5 Players Who Might Find Themselves on the Chicago Bears' Practice Squad in 2014
The practice squad is a special and key component in the NFL. It allows a team to still hang on to a player they like and allows the player to develop in the system without taking up a valuable roster spot.
A player on the practice squad is still able to make a decent living and work on his game against real NFL talent. It's a win-win situation for both parties.
There will be some pretty contested battles in training camp for the Bears this year. Wide receiver, running back and linebacker are areas with big question marks at the bottom of the depth chart.
Who are the prime candidates to make this year's practice squad? Click ahead as we give you the five best options.
WR/KR Chris Williams
Former CFL standout Chris Williams is an outstanding return man. In 2012, he set a CFL record with six return touchdowns to go along with 1,117 punt return yards.
Williams' return skills will put him in the hunt for a roster spot, but his receiving skills and size could land him on the practice squad.
At 5'8", 175 pounds, Williams doesn't fit the Bears' new style of larger receivers. He also isn't a polished enough receiver in the NFL to give the Bears any meaningful contributions on offense.

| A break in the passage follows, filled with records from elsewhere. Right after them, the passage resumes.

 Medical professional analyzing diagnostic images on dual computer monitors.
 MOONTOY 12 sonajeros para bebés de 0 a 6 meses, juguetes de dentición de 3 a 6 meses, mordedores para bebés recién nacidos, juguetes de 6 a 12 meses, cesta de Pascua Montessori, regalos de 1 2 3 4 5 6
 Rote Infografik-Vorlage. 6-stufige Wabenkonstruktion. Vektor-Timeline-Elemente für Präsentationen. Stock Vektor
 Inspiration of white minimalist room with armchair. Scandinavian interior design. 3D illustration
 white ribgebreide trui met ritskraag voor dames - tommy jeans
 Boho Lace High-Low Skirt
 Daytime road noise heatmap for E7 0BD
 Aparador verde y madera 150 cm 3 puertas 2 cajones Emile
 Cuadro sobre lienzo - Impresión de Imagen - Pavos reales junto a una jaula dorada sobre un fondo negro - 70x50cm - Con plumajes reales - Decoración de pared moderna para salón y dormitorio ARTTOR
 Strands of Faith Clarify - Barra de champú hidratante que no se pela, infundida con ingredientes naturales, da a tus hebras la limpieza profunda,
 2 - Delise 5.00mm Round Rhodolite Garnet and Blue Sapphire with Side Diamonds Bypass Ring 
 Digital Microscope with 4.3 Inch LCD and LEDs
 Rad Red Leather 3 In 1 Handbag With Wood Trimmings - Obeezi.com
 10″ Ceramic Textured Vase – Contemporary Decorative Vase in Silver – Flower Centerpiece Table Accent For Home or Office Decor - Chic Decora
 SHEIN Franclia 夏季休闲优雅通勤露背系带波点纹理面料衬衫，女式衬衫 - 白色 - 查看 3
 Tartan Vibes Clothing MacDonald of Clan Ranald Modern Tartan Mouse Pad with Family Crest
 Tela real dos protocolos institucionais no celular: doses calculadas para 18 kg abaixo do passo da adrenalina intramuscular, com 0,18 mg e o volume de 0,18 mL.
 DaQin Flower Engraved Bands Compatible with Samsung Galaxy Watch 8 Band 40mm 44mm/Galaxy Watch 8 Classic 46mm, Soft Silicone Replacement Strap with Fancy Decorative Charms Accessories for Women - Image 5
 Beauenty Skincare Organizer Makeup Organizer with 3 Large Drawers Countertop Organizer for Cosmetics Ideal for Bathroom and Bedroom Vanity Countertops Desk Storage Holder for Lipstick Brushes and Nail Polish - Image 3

It would be like having Devin Hester on the roster all over again, and the Bears might not be prepared to go down that road in the immediate future.
There are other players who can contribute to the team and still return kicks. Michael Ford, Eric Weems and Kyle Fuller are just a few names.
The best for Williams might be to stick with the practice squad while he hones his route-running and receiving skills. Any injuries or subpar results in the return game could catapult Williams to the active roster at any point in the season.
LB Christian Jones
Christian Jones will be a successful linebacker in the NFL. He has just too much talent and freakish athleticism to not make it eventually.
It could come really close when the final cuts happen near the end of training camp. The problem for Jones on this team is the fact that there are so many linebackers ahead of him.
Think about forgotten names like Khaseem Greene, Jordan Senn and Jerry Franklin, who seem to be lost in all the talk about Shea McClellin, Jon Bostic, Lance Briggs and D.J. Williams.
Greene, Senn and Franklin all have more experience than Jones in special teams, and if Jones wants a roster spot, it will have to be there.
It will be an uphill climb to make it for Jones, and it's likely going to have to start on the practice squad. That's still good news for an undrafted rookie who was virtually written off by most of the league after a failed drug test.
RB Senorise Perry
Keep an eye out for Senorise Perry once training camp starts. The former Louisville running back isn't anything flashy, but he does a ton of things that help a football team.
Perry is a hard runner who is a solid receiver out of the backfield and can contribute on special teams. A torn ACL slowed him down in college, but he's healthy now and looking to make a name for himself.
When you look at Perry, you see a lot of former Bears running back Adrian Peterson. It was an eight-season run for Peterson with the Bears as he contributed in a variety of different ways.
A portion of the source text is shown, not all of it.